Una valanga di sveglie che trillano al momento giusto, un circolo di vita allungato dall’aperitivo, e poi la tribù Facebook composta per metà da modelle e per l’altra metà da guru di qualcosa a cui appartiene la bella vita che non esiste; stop, strisce, da quelle sull’asfalto a quelle lasciate dai 737 low cost che grattano il cielo. Ovunque qualcuno ci prega di attendere il nostro turno nel rispetto della privacy. Noi fuori, noi dentro, noi sopra. A vivere.
L’odore di caffè dei bar dei paesetti, dei comuni sciolti per infiltrazione mafiosa è uguale a quello del Caffè Greco di Roma. È banalmente uno degli obiettivi della giornata. Non c’è bisogno ma stressa la terza del cambio quando ancora il sole è un’idea. Pensa che ieri scivolava su labbra, come su un live dei Queen, quasi senza accorgerti del tempo mentre lui stressava la terza di reggiseno.
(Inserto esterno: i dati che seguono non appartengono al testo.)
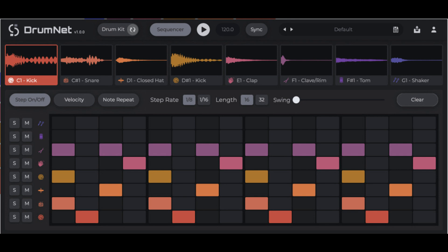Session Loops releases DrumNet, an AI-powered drum machine with infinite sample generation.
Pensa che la vita non rende quel che deve ma almeno avete lasciato il segno sul lenzuolo, sul bacino, un documentario in una videocassetta mentale andato in onda tra te e lei, tra te e le sei, una segreteria telefonica sempre accesa.
Lei aspetta il ritardo del treno, pazientemente quello del ciclo, i suoi progetti seri, che smetta di bere quando c’è da dire cose importanti, un messaggio in pausa pranzo, lei aspetta che qualcuno le metta un po’ del suo tempo in mano e una risposta così sincera che possono aver senso anche le soap di Canale 5. Quella sincerità che ti prendi a pugni sul petto cercando il cuore, cerchi gli antidolorifici e smetti di giocare col niente, che di tutte le dimensioni e le onde gravitazionali scegli la sua.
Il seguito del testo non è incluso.